We had a full honey super and I robbed what was to be the hives winter stores. So all in all I had 10 medium frames and about 5 deep frames of honey. Not to shabby for a hive on the decline.
That’s when the junk show started…
I had always planned to rent an extractor when I got ready to harvest. Due to the abrupt dismantling of the hive I didn’t see that as possible so I decided to do a “Crush and Strain” more like “Crush and Pain”. Basically when you crush and strain you take a potato masher to your frame and foundation and scoop all the honey (including the wax your crushing it out of) into a pan to then be strained out before bottling. Sounds easy right?
I wont claim to be a smart person and you’ll see why.
I poked what I thought to be pretty good sized holes in the bottom of a bucket and poured all my goop in. Then waited 3 days. Yeah…about a 1/32 of the honey drained. So I dumped it out and made the holes bigger, tried again…waited about 24 hours. Didn’t strain again. The bees, sensing a easy meal, started to hang out at my backdoor, where I was keeping frames waiting to be crushed. Finally, I just ran the whole lot through my collender. Which got the big chunks out but I was needing to strain again. Thinking this was a good time to use my bucket with the holes (I worked pretty hard on that) I dumped it all in. DID NOT STRAIN!

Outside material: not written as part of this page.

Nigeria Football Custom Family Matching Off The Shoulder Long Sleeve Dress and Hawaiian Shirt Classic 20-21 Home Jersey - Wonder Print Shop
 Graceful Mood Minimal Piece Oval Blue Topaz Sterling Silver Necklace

Finally, when it looked like nothing else would work I decided to use some mesh and my trusty collander again. I had no mesh so I sneakily cut out a sizable piece of tulle from a freshly laundered, unsuspecting princess dress… without permission I might add. I was desperate to never look at honey again. I got it done. Me, my kitchen, every door knob in my house, my kids, my dogs… yeah we are all covered in honey. I’m not going to boob anymore, at least I got some. However, I will be asking for an extractor for my birthday.